Le droit patrimonial

Ces considérations ne doivent pas mener à la moindre ambiguïté. En aucun cas, l’art ou l’artiste ne sont évoqués dans le code de la propriété intellectuelle. Celui-ci n’évoque que l’auteur et l’œuvre. L’auteur jouit de droits patrimoniaux et de droits moraux. Les premiers impliquent une rémunération pour toute utilisation de ses photographies et le droit exclusif d’autoriser précisément les autorisations de l’image. La cession de ces droits est possible à condition qu’il y ait une convention écrite (lire l’encadré).

Quoi qu’il en soit, le droit patrimonial comprend le droit de représentation qui interdit l’utilisation publique de photographies sans l’autorisation de l’auteur, et le droit de reproduction qui requiert l’autorisation de l’auteur pour toute fixation de son œuvre sur un support de communication, internet compris. Ainsi, la capture d’écran ou la copie d’image pour une utilisation sur un site internet, un journal ou un magazine constitue une contrefaçon s’il n’y a pas accord préalable du photographe. Cela vaut tant pour un usage professionnel , institutionnel ou associatif.
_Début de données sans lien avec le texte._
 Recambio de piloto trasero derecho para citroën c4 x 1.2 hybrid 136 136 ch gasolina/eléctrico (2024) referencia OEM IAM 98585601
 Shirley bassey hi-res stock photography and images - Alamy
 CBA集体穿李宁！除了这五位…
Là encore, le code de la propriété intellectuelle est clair : l’exploitation de l’œuvre, au mépris des prérogatives de l’auteur, constitue un acte de contrefaçon susceptible d’être civilement et pénalement sanctionné.

Le droit moral

Contrairement au droit patrimonial, « le droit moral est incessible, imprescriptible et perpétuel » selon l’article L.122.-7 du code de la propriété intellectuelle. Cette disposition concerne la signature (et plus généralement le droit au nom), le respect de l’intégrité matérielle du support de l’image et le respect de l’intégrité artistique et intellectuelle de l’œuvre.

Cela veut dire notamment qu’un utilisateur ne peut refuser d’indiquer le nom de l’auteur lors de l’utilisation d’une de ses photographies. C’est vrai dans le domaine de la publicité ou de la vente par correspondance.
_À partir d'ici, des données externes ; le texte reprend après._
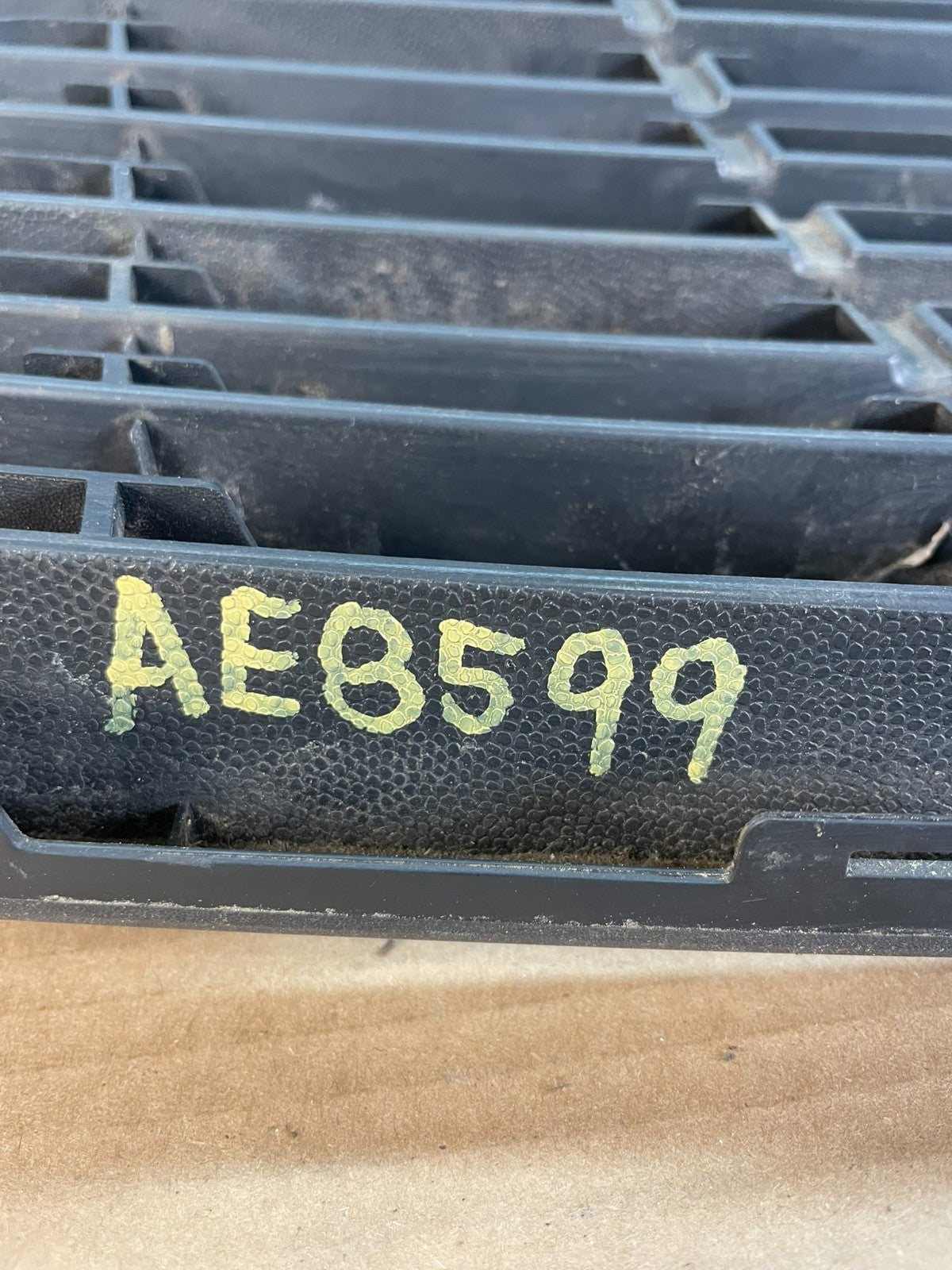 2015 to 2019 Ford Transit Front Upper Grill Grille AE8599 DG7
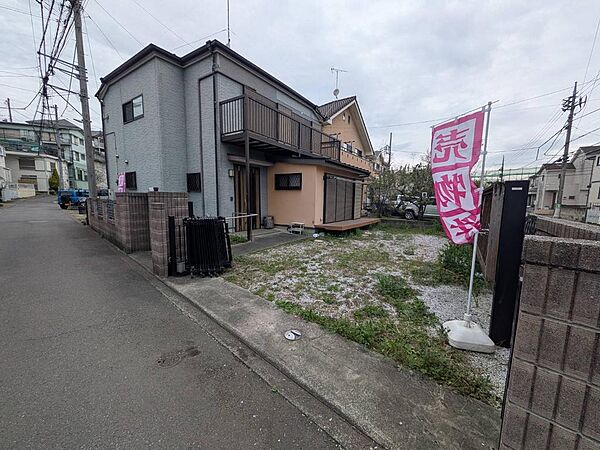 現況、平成１５年８月築の戸建あり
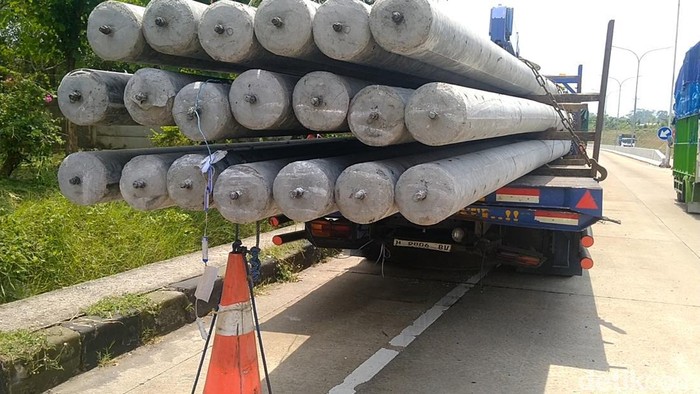 Truk yang terlibat kecelakaan dengan mobil Kapolres Boyolali di Tol Batang, Selasa (1/10/2024).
Jorge Alvarez cite l’exemple de cette photographie de Marine Le Pen dont les droits avaient été cédés par l’Agence France Presse au Front national qui l’avait ensuite utilisée pour une campagne électorale. En dépit de cette cession, l’auteur de la photographie a intenté -et gagné- un procès en justifiant de ses droits moraux.

Philippe ALLIENNE

(source : Photographe Auteur, mode d’emploi. guide à l’usage des photographes et des diffuseurs de photographies édité par l’UPC)

L’Union des photographes créateurs

Créée en 1985 après la fusion de quatre associations de photographes (dont une association de photographes journalistes), l’UPC réunit 1.500 photographes professionnels, tous genres confondus. Son siège est à Paris et elle possède des délégations régionales (dont une pour le Nord). Elle a pour vocation d’informer, de représenter et défendre les droits, les intérêts et le statut des auteurs photographes.
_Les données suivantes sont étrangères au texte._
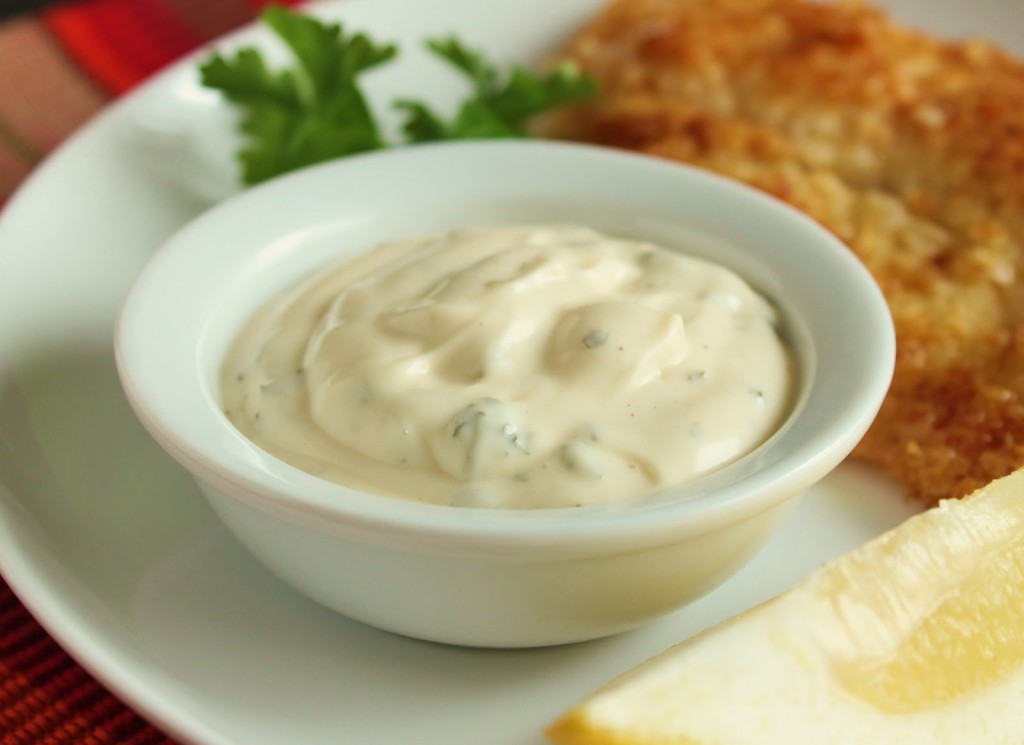 “Garlic Sauce: The Versatile Condiment Packed with Health Benefits”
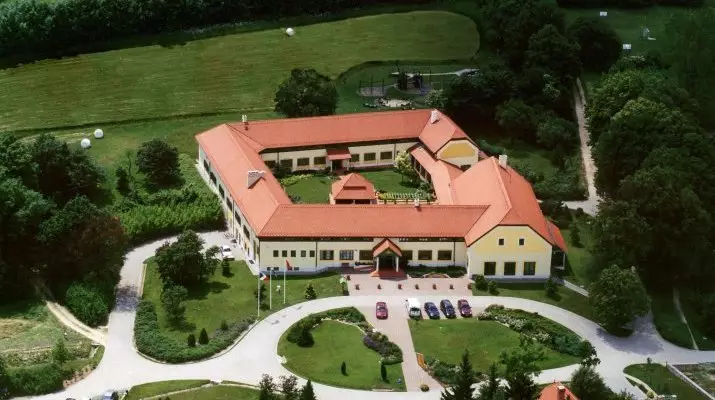 Hotel Szpalma Porva-Szpalmapuszta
Cession des droits d’auteur

La cession des droits d’auteur doit être expresse et porte sur quatre éléments :
- Le tirage : il faut préciser à combien d’exemplaires la photo va être reproduite ;
- Le support : préciser s’il s’agit d’un magazine, d’un catalogue, d’une plaquette publicitaire, etc. ;
- La durée : elle doit être forcément limitée dans le temps ;
- La zone géographique : la cession vaut pour la France, l’Europe, etc.

La cession doit faire l’objet d’un écrit précis. Les quatre éléments ci-dessus doivent figurer dans le contrat de vente. Il s’agit d’une obligation légale.
Un contrat signé entre un photographe et un commanditaire ne peut prévoir la cession des droits d’auteur. Toute clause dans ce sens est nulle (arrêt du 9 octobre 1991 de la cour de cassation).